In Sage Sys. v. Liss, 2022 NY Slip Op 5918 (N.Y. 2022), the plaintiff and defendant entered into a partnership agreement to purchase a commercial cooperative unit. The agreement included an indemnification clause. Decades later, the defendant (Liss) unsuccessfully brought a partnership dissolution action. The plaintiff (Sage) commenced an action against Liss seeking attorney's fees and costs incurred defending the dissolution action. Liss cross-moved for summary judgment arguing that the partnership agreement did not provide for attorney's fees and therefore attorney’s fees were not recoverable.
The New York Court of Appeals denied the plaintiff's motion for attorney’s fees.
The New York Court of Appeals explained that under the American Rule, a prevailing party may not collect attorney’s fees from the loser unless an award is authorized by agreement between the parties, statute, or court rule.
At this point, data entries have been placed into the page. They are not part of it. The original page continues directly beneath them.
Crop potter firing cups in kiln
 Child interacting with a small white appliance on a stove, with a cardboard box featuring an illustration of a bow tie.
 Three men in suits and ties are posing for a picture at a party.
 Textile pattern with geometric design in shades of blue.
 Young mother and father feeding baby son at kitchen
The American Rule is intended to increase free access to the courts for those who would otherwise be discouraged from seeking judicial redress of wrongs for fear of having to pay a defendant's attorney's fees.
The Court noted that the parties were under no legal duty to indemnify. Therefore, the indemnity clause must be strictly construed to avoid reading into the contract a duty that the parties did not intend to be assumed. Further, because the application of the indemnity agreement to direct actions between contracting parties would be contrary to the American Rule, courts should not infer a party's intention to waive the benefit of the rule unless the intention to do so is unmistakably clear from the language of the contract.
In this case, the indemnification provision did not make any explicit mention of attorney's fees and nothing in the indemnification provision nor the agreement as a whole made it unmistakably clear that the partners intended to permit recovery for attorney's fees in an action between them on the contract.